We can define a total order on $\Bbb C$ in various ways--I'll give you a few if you're interested.

We cannot give an order that is compatible with the operations on $\Bbb C$ so that $\Bbb C$ is an ordered field. If we could, would $i$ be positive or negative?

Basically, it depends on how you want to define "bigger/smaller" in this instance. Give us more detail, and we can better answer your question.
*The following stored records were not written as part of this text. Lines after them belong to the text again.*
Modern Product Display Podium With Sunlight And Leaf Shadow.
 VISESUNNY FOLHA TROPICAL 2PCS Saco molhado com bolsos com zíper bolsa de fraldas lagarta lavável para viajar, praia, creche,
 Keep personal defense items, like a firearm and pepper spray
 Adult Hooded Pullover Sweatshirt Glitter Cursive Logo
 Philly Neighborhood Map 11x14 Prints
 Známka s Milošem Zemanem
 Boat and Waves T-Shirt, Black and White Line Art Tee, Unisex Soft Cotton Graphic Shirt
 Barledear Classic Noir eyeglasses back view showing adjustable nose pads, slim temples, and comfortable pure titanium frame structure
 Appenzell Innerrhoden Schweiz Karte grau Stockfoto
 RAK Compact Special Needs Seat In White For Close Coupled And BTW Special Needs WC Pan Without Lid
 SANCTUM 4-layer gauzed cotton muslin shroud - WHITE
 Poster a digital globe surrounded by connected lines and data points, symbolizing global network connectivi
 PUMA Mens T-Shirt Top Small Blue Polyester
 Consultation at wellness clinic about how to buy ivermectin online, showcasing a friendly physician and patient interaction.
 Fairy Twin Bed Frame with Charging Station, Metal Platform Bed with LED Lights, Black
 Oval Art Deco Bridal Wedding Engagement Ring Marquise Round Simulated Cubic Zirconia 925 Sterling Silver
You can't define a total order $\le$ so that $\mathbb{C}$ is an ordered field:

$(1)\space\forall a, b, c \in \mathbb{C}, a ≤ b \Rightarrow a + c ≤ b + c$

$(2)\space\forall a, b \in \mathbb{C}, 0 ≤ a \land 0 ≤ b \Rightarrow 0 ≤ a b$

Either $0 \le 1$ or $1 \le 0$ in which case $0\le-1$. Let $\varepsilon \in\{-1,1\}$ so that $0 \le \varepsilon$

Either $0\le i$ or $i \le 0$ in which case $0\le-i$. Let $\delta \in \{-i,i\}$ so that $0\le\delta$

Now you can just derive something absurd:

You have $0\le \varepsilon$ and $0\le \delta$

So by $(2)$, $0\le\varepsilon\delta$

By $(2)$ again, $0\le\varepsilon\delta\delta = \varepsilon(-1) = -\varepsilon$

So $\varepsilon \le 0$

Now we have $0\le\varepsilon$ and $\varepsilon\le 0$ so $\varepsilon=0$

But we have $\varepsilon\in\{-1,1\}$

Absurd.